CS440/ECE448 Spring 2021
Problem One: Search


i. introduction

Key terms: - starting position - waypoint

In this assignment, we will implement general-purpose search algorithms and use them to solve `pacman'-like maze puzzles. This assignment has five parts.

  1. Breadth-first search, with one waypoint.
  2. A* search, with one waypoint.
  3. A* search, with several waypoints.
  4. A* search, with many waypoints.

Throughout this assignment, the goal will be to find a path from a given starting position in a maze which passes through a given set of waypoints elsewhere in the maze. We will begin by finding a path from the starting position to a single destination waypoint. Then we will generalize the implementation to handle multiple waypoints. Finally, we will explore heuristics to handle large numbers of waypoints in a reasonable amount of time.

ii. environment

Key terms: - python 3 - pygame - pip3

This assignment is written in Python 3. If you have never used Python before, a good place to start is the Python tutorial. We recommend using Python version 3.6 or later.

This assignment contains visualization tools which depend on pygame. You can install pygame locally using the pip3 tool.

iii. getting started

Key terms: - agent - path

To get started on this assignment, download the template code. The template contains the following files and directories:

The data/ directory contains the maze files we will be using in this assignment.

The main.py file will be the primary entry point for this assignment. Let’s start by running it as follows:

python3 main.py --human data/part-1/medium

This will open a pygame-based interactive visualization of the data/part-1/medium maze.

pygame visualization

The blue dot represents the agent. You can move the agent, using the arrow keys, to trace out a path, shown in color.

note: if the red-green gradient is hard for you to see, you can make the visualization use an alternative color scheme by specifying the --altcolor option.
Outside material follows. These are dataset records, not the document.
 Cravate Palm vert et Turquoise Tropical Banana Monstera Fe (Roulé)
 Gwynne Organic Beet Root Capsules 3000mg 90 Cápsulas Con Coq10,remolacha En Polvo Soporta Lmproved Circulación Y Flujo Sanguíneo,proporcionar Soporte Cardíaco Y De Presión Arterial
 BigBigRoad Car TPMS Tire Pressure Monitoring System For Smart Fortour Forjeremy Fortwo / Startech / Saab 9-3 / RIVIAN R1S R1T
The black dots represent the maze waypoints. Observe that this maze contains a single waypoint, in the lower left-hand corner. When you implement the search algorithms for this assignment, you will need to compute a path that takes the agent through all of the waypoints in the maze.

We will grade your submissions using grade.py. This file is available to you, so that you can understand how this assignment will be graded.
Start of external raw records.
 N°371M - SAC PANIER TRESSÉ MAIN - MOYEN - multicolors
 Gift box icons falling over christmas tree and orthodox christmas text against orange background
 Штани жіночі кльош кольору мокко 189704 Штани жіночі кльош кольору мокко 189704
Let's see what happens when we run this script:

./grade.py
running in student mode (instructor key unavailable)
{'visibility': 'visible',
 'tests': ({'name': "part-1: `validate_path(_:)` for 'tiny' maze",
            'score': 0.0,
            'max_score': 2.0,
            'visibility': 'visible'},
           {'name': "part-1: correct path length for 'tiny' maze",
            'score': 0.0,
            'max_score': 2.0,
            'visibility': 'visible'},
           {'name': "part-1: `validate_path(_:)` for 'small' maze",
            'score': 0.0,
            'max_score': 2.0,
            'visibility': 'visible'},
           {'name': "part-1: correct path length for 'small' maze",
            'score': 0.0,
            'max_score': 2.0,
            'visibility': 'visible'},
...

As you can see, we have a score of 0, since we have not implemented any of the functions in search.py. We will do this in the next few sections.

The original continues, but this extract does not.